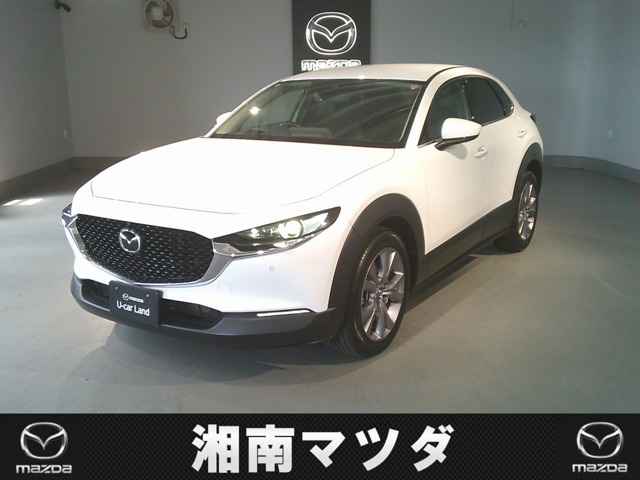 CX-30 2.0 20S プロアクティブ ツーリングセレクション 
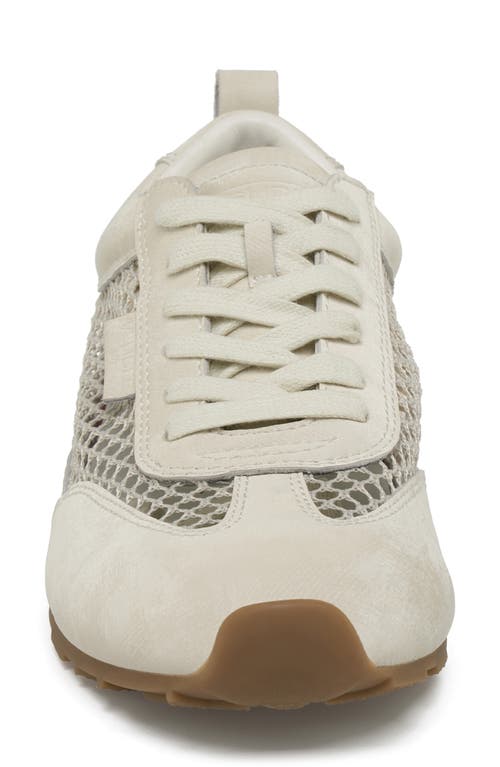 JSLIDES JSLIDES MESH SNEAKER 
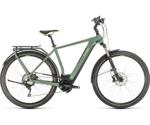 Cube Kathmandu Hybrid EXC 500 (2020)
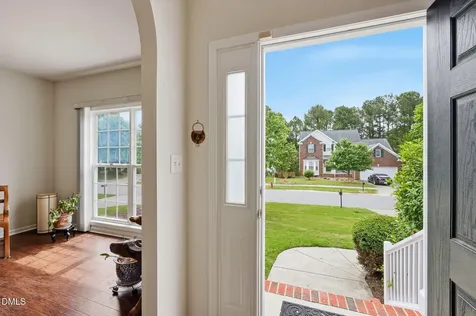 4710 Knights Arm Drive Durham NC 27707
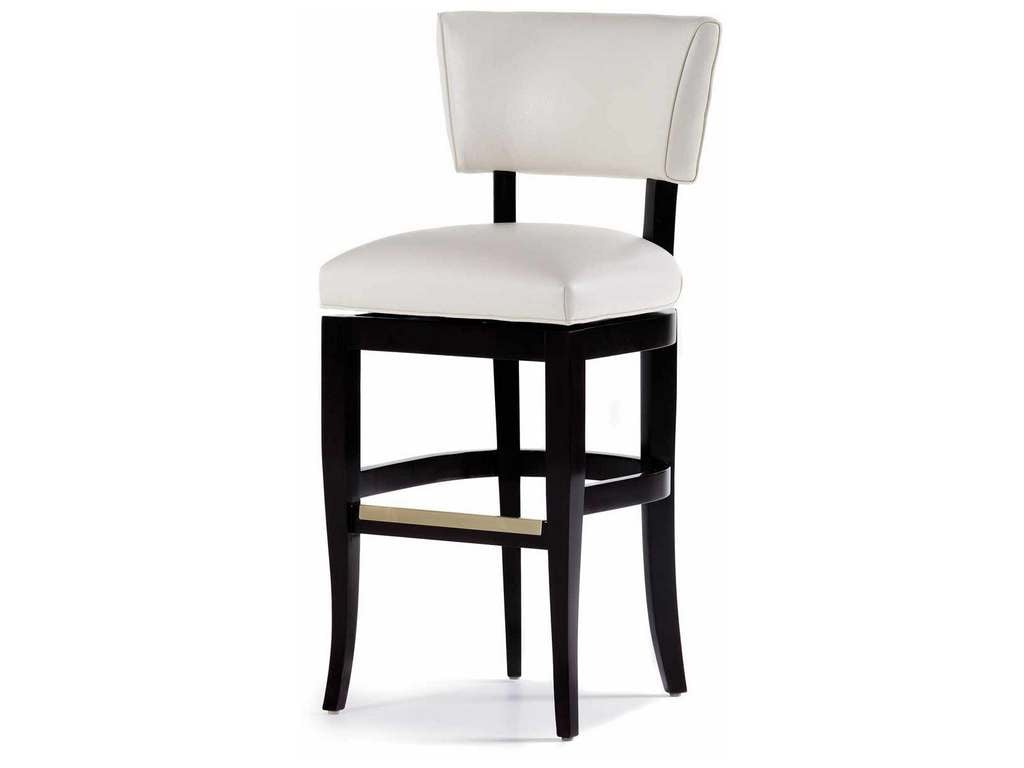 Jessica Charles 84-30-MS  Maxine Swivel Barstool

• Aim of the task:
What you return should be only the lines from the line with "4710 Knights Arm Drive Durham NC 27707" through the last line of the listing above, exactly, both ends included, pictures excluded.

• Exercise output:
 4710 Knights Arm Drive Durham NC 27707
 Jessica Charles 84-30-MS  Maxine Swivel Barstool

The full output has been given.